Posted: 20th March 2017
We’ve all had experiences of attending training sessions and events, only to find those action plans and good intentions made on the day are quickly sidelined, shelved or forgotten within hours of returning to work. Organisation development professor, Art Kohn has described this as the ‘forgetting curve’ and suggests that on average 50% of new information is forgotten within one hour, 70% is lost in 24 hours and a staggering 90% within a week.
So how can you make learning stick? Or more specifically, how can you make learning for your staff so sticky that they will not only remember what they learned months afterwards, but apply new skills and willingly change habits and behaviours?
Learning experiences have to be memorable, retrievable and applicable. To do that, they not only have to create an emotional response, but be reinforced over time.

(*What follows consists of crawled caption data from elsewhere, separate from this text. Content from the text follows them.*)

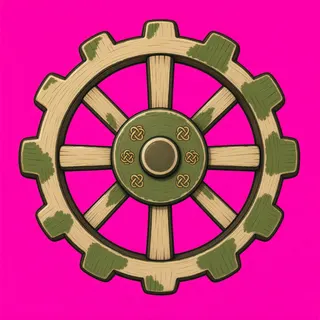 gear, plain design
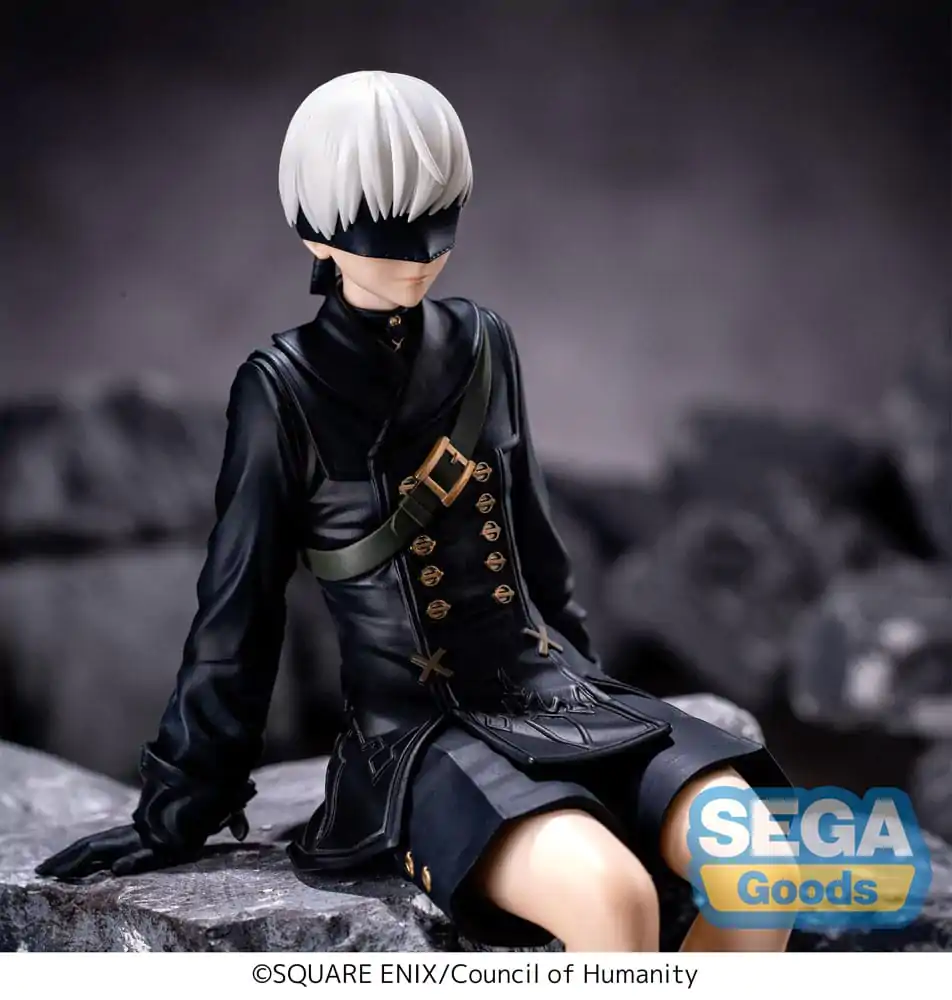 NieR:Automata Ver1.1a PM Perching PVC Statue 9S 15 cm termékfotó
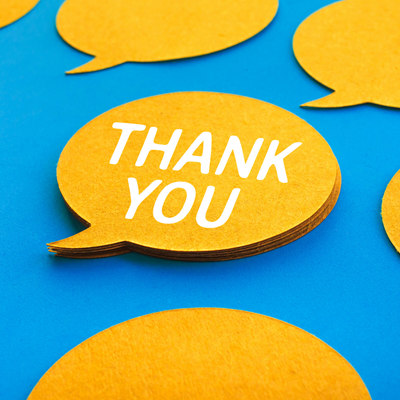 With Gratitude: Thoughts on saying thanks in your next speech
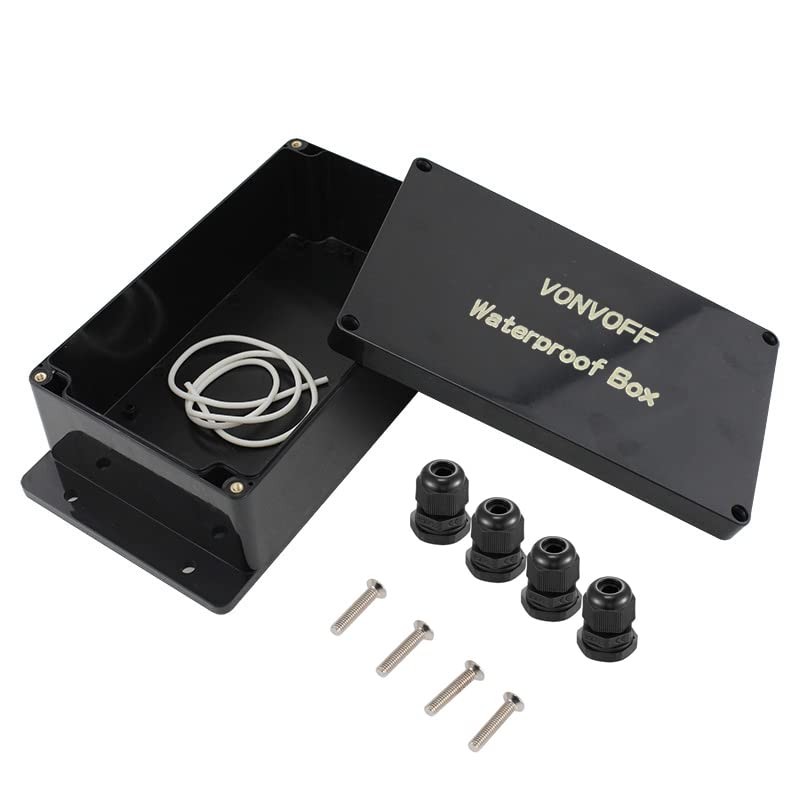 Vonvoff Power Junction Box, IP65 Dustproof Waterproof ABS Plastic Electronic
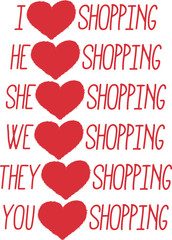 I love shopping labels set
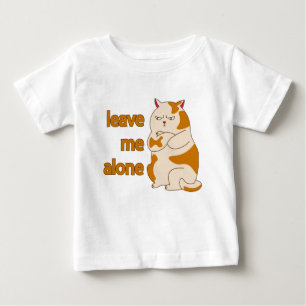 Moody tjock katt lämnar ensam för mig t shirt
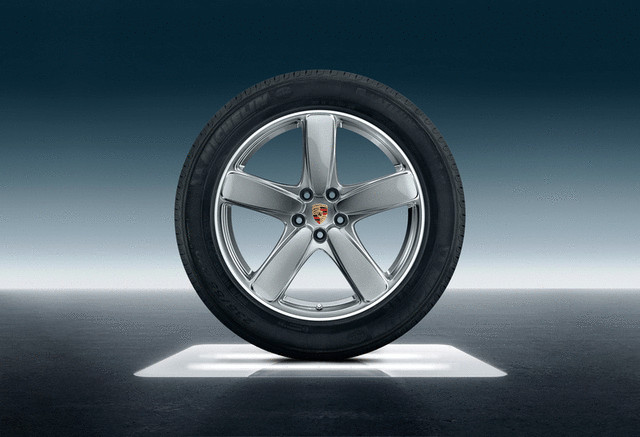 95B04461028 - : 19-Inch Sport Classic Winter Wheel-And-Tire for Porsche Image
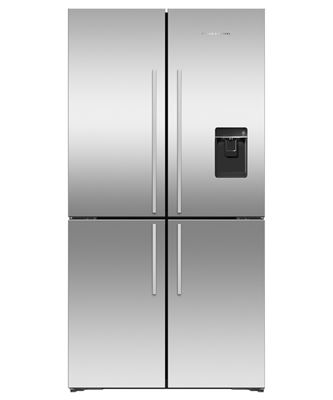 Fisher & Paykel Stainless Steel Quad Door Fridge, 538L Model Number: Rf605qduvX1- RRP $4199 - Serial No: Baj9f0011 Thumbnail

Here are 5 PRACTICAL STEPS to help make learning stick:
1) Sell Benefits
Don’t spend all your time and money on just the training activity. The real return on investment only occurs when time and energy is spent on making the training meaningful, by engaging with delegates before any training takes place. If people believe that the benefits to them outweigh the time and energy it will take for them to attend, then they will be much more receptive to altering their behaviour or implementing what they have learned.
2) Tell Stories
Use storytelling rather than statistics to impart information or embed key messages. Stories are highly effective at motivating an audience, because storytelling evokes an emotional response. They embed information to a listener in a unique way which aids retention and retrieval.
3) Share Intentions
Take action planning and goal-setting to a new level. After the training or learning activity, ensure all delegates include their own ‘situational cues’ ie they identify when, where and how they are going to carry out their actions or achieve their goals. Including the ‘how’ is much more powerful and effective than just stating the ‘what’.
4) Keep it Small
Focus on training in bite-sized chunks. People learn and remember more when they receive new information in smaller amounts and have opportunities to practice what they have learned. If this is supported with further booster sessions, then retention is further increased.
5) Enable Transfer
Ensure there are plenty of opportunities to apply new knowledge and skills back in the workplace. This transfer is made much easier if actual learning scenarios are based on real work situations and the training covers when and how they can be applied back in the work environment.
I hope this has given you some ideas, but are there any ‘sticky’ learning habits you’d like to share?